Zum Glück gestalten sich die meisten Arbeitsbeziehungen gewaltfrei, wenn auch nicht immer harmonisch. Doch sind wir in den letzten Jahren in unserer Wahrnehmung immer sensibler geworden und können einen Blick, ein Wort oder auch eine Anweisung des Vorgesetzten nicht immer wertfrei entgegennehmen. Zu oft interpretieren wir etwas, was vielleicht nicht so gemeint war, falsch, und zu oft wird unbedarft dahergeredet, oberflächlich informiert und nicht auf der gleichen Ebene kommuniziert – und schon entsteht mindestens ein ungutes Gefühl.
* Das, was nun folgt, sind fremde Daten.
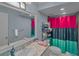 Bright bathroom features a large mirror, single vanity, and shower with vibrant curtains at 3162 Citrus Ct, Decatur, GA 30034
Das ist der ideale Nährboden für Unsicherheiten, Missverständnisse und Konflikte. Hier wäre die Führung gefordert, aber auch jeder Einzelne. Dreht die Spirale weiter, kommt es zu einem Konflikt, von dem eigentlich keiner der Beteiligten mehr weiss, wann und warum er angefangen hat. Opfer und Täter/innen sind dann auch nicht mehr wirklich zu unterscheiden und die Folgen, gesundheitlicher wie auch sozialer Art, nicht abzusehen. So wird die Gewalt am Arbeitsplatz alltäglich, unfassbar und vor allem unkontrollierbar.
Deeskalierendes Verhalten
Für etwas mehr Frieden, Gelassenheit und Respekt können wir in unserem Umfeld sorgen, indem wir offen und ehrlich kommunizieren oder einfach mal nichts sagen und nicht hinter jeder Bemerkung und jedem Blick gleich einen Angriff vermuten. Aber am besten halten wir es doch mit dem Spruch aus dem Volksmund: «Was du nicht willst, das man dir tu, das füg auch keinem andern zu.»